Scraped caption text data:
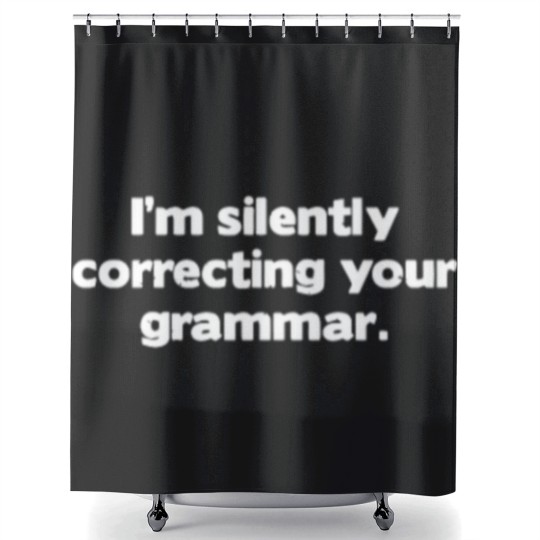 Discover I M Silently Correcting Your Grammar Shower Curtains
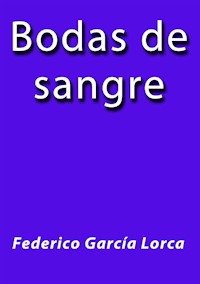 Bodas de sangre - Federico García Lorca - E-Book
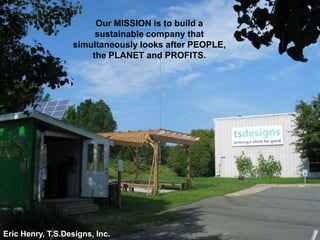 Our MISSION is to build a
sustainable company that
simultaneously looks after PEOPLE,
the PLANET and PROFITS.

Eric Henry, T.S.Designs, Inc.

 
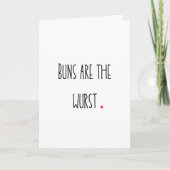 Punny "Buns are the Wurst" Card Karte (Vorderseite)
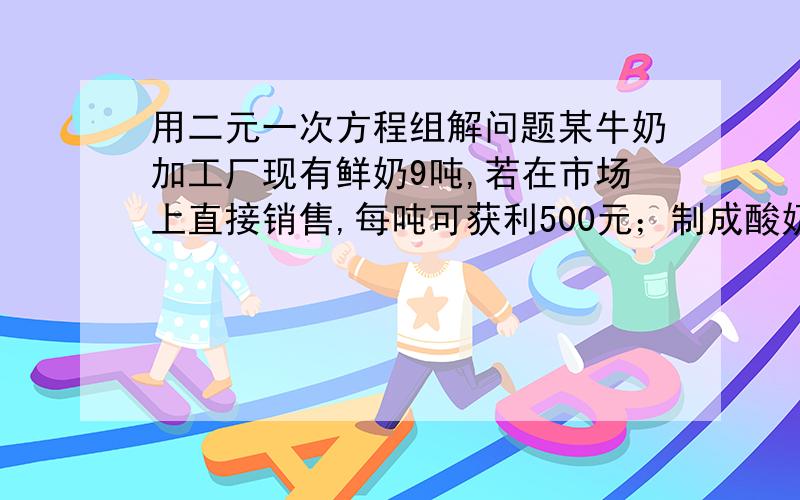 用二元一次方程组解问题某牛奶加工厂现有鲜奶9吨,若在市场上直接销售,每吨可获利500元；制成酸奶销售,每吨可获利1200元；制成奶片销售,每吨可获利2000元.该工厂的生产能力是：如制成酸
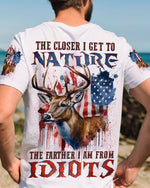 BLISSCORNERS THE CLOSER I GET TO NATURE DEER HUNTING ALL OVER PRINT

AIM OF THE EXERCISE = Could you copy, exactly and with no pictures, each line from the first one above to the line holding "Eric Henry, T.S.Designs, Inc."?

COMPLETED TASK =
 Discover I M Silently Correcting Your Grammar Shower Curtains
 Bodas de sangre - Federico García Lorca - E-Book
 Our MISSION is to build a
sustainable company that
simultaneously looks after PEOPLE,
the PLANET and PROFITS.

Eric Henry, T.S.Designs, Inc.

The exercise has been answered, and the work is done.